Red and V went to Los Cabos last year (I couldn’t go because they accidentally scheduled it on top of a work conference I had to attend).  Red and V had never really hung out or spent time together one on one, so they got to know each other a little better I suppose.  V is very laid-back most of the time, and was looking forward to carefree days, lounging by the pool or on the beach.  Red, who had been through some rough stuff with her husband recently, was in full let-her-hair-down-and-live-it-up mode.  So needless to say, there were some conflicts.  Nothing major, and they both had fun, but I guess some residual comments have been made.

Either way, Red and I are going to have a blast.  I just know it!  I’m all for lounging with a book and a pina colada on the beach, sight-seeing, and nights out partying.  We’ve got 5 days, so time for a little of everything.  And since Red and I DO hang out and DO know each other pretty damned well, I don’t think we’ll have any problems telling the other one when we’ve had enough of something.

The downside, Red is about 5 foot 4 inches tall, with a great figure.  Me, I’m 5 foot 7, and a good 70 pounds heavier right now…the heaviest I’ve ever been in my life.  We’re going to look like Mutt & Jeff.  I didn’t get nearly as serious about going to the gym these past two months as I’d planned, so haven’t made much progress there.  But at least for the past two weeks, a fire was lit under my proverbial ass, and I’ve been hitting the gym pretty hard on the weekends at least.  During the week, I just can’t make myself get up early enough to go before work.  And after work, I’m just drained.  Excuses, I realize, but it just ain’t happening. 

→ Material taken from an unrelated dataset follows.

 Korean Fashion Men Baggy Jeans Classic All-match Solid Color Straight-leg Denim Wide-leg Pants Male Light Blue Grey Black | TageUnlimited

I started fake-baking last weekend, in the attempt to get some kind of base color on my lily white self, otherwise I’m likely to burst into flames at the beach!   I’m not tan by any means, but I have at least gotten a tiny bit of color…and still have the rest of this week to work on that and keep going to the gym.  I won’t be a bronzed goddess in any way, shape, or form, but I figure there’s nothing like the last minute panic to do as much improvement as I can.  :)

I’m doing laundry and (re)assessing my wardrobe options.  I’ve been shopping like a fiend lately, mostly trying to find some shorts that I like.  Yeah, the shorts I own don’t fit right now.  Did I mention that part about being the heaviest I’ve ever been?  Ugh.  Depression does as much damage outwardly as it does inwardly.  But yeah, I think I’ve got most of my clothing together.  Just need to do more planning of outfits to figure out what goes with what and, of course, to make sure I have enough day/night outfits, shoes, etc.  I figure later this week I’ll actually attempt to start loading the suitcase.

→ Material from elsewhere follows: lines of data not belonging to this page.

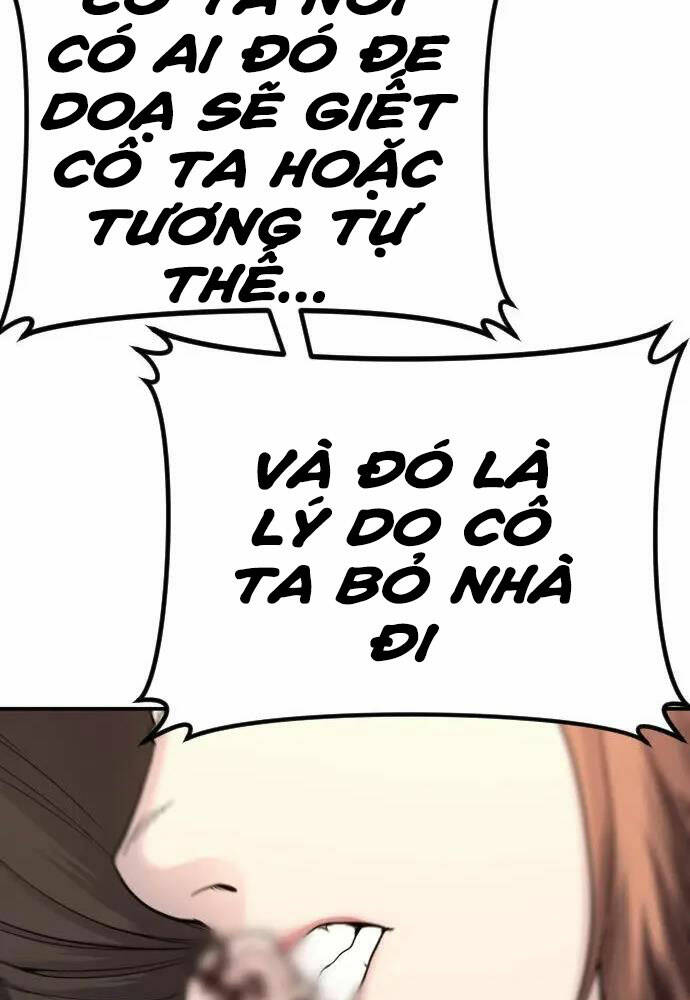 Đặc Vụ Kim Chapter 53 - Trang 2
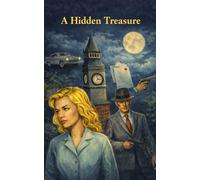 A Hidden Treasure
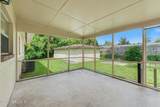 235 Baisden Road - Photo 10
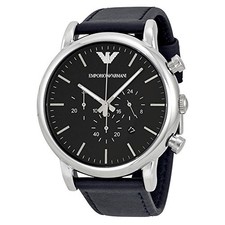 Montre EMPORIO ARMANI AR1828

And with that, time to get up and get some stuff done around the house before I head to the gym and to tan.

Happy Sunday!

I ran. I ran so far away.

Well happy hour was loads of fun!  Of course, any time you involve these people, fruity beverages, and Scene It, it’s impossible to not have fun.  I figured people would start to leave well before midnight.  As it turned out, we were ordering pizza around that time!  Wheeeee!  And KC left enough Smirnoff in my fridge for TWO more happy hours. 

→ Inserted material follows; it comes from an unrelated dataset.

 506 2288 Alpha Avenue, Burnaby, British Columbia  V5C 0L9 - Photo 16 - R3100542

I managed to make it up in time for Miss Hut’s shower this morning, even with the feelings of exhaustion and malaise.  But despite my best efforts, I still ended up being late because I got the directions all screwed up.  Averaging 5-6 hours of sleep a night for a few weeks will do that to you.  That’s my excuse and I’m sticking to it!  The shower was really nice and Miss Hut was fun to watch opening her gifts.  She was so excited about everything!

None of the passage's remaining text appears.